(DATA UNDER STUDY begins)

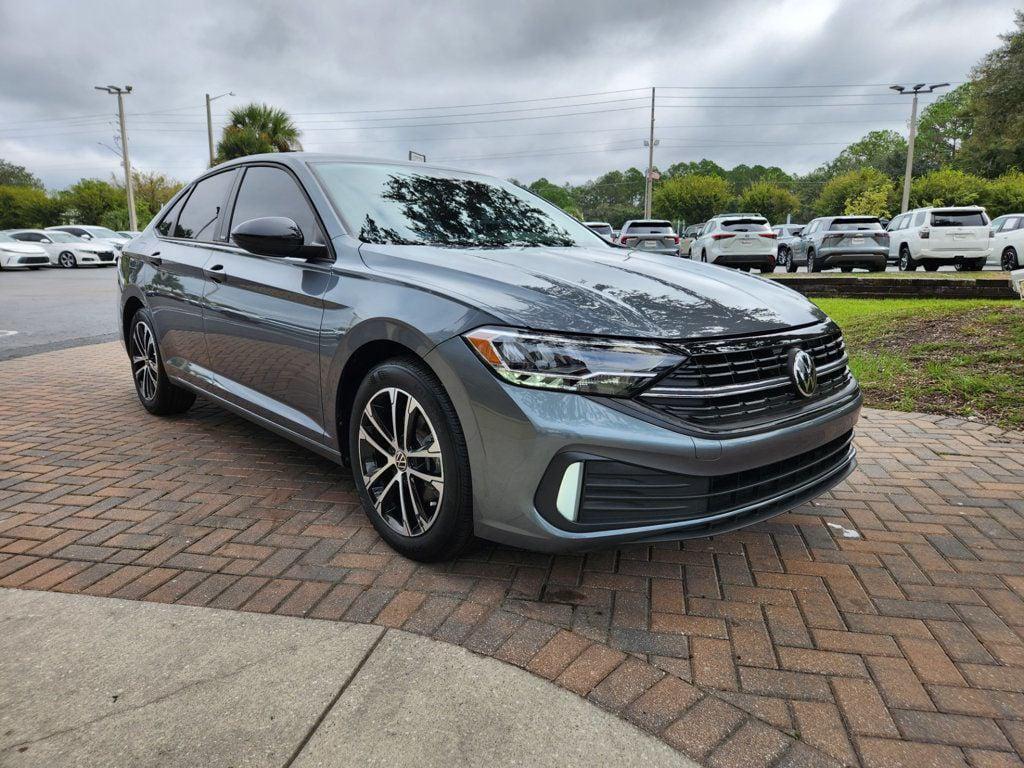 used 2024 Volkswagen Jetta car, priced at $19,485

(DATA UNDER STUDY ends)
(DATA UNDER STUDY begins)

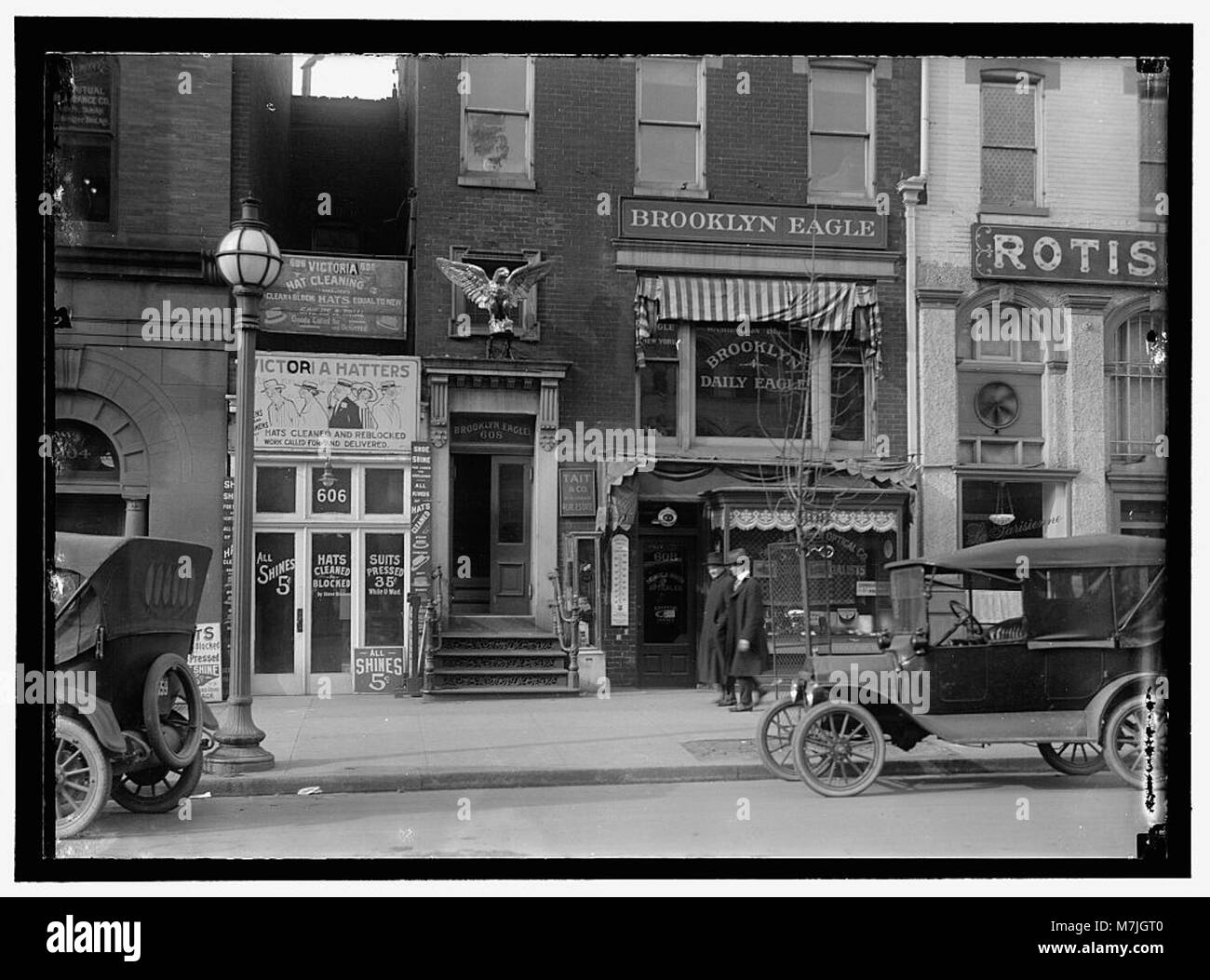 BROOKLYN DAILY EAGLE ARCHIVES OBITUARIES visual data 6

(DATA UNDER STUDY ends)
(DATA UNDER STUDY begins)

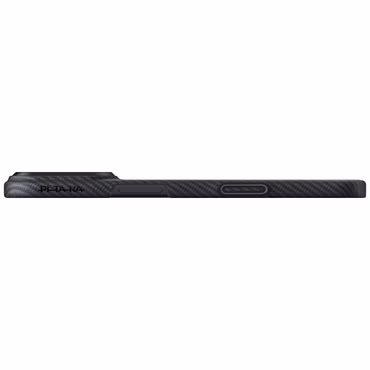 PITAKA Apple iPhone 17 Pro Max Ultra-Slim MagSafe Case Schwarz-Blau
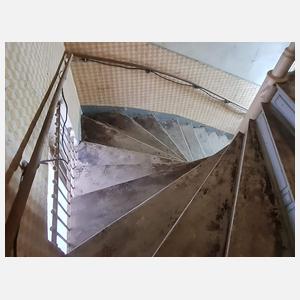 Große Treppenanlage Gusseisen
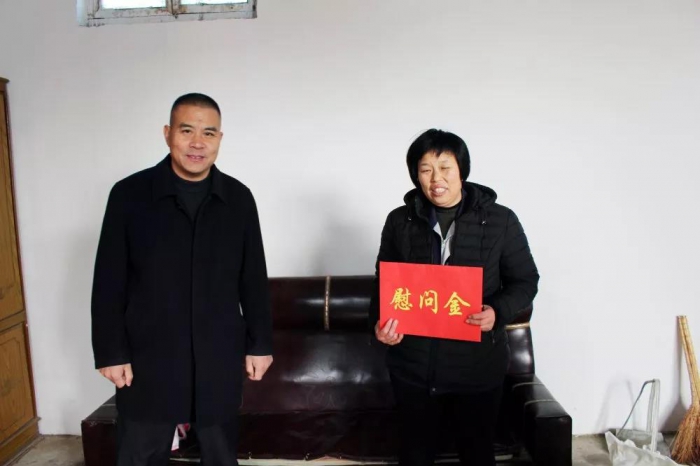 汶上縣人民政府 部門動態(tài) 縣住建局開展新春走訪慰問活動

(DATA UNDER STUDY ends)

» **EXERCISE DESCRIPTION**
Could you output exactly the lines above, from the line with "PITAKA Apple iPhone" up to and including the line with "汶上縣人民政府 部門動態(tài) 縣住建局開展新春走訪慰問活動", and nothing else, skipping the pictures?

» **ANSWER SPACE**
 PITAKA Apple iPhone 17 Pro Max Ultra-Slim MagSafe Case Schwarz-Blau
 Große Treppenanlage Gusseisen
 汶上縣人民政府 部門動態(tài) 縣住建局開展新春走訪慰問活動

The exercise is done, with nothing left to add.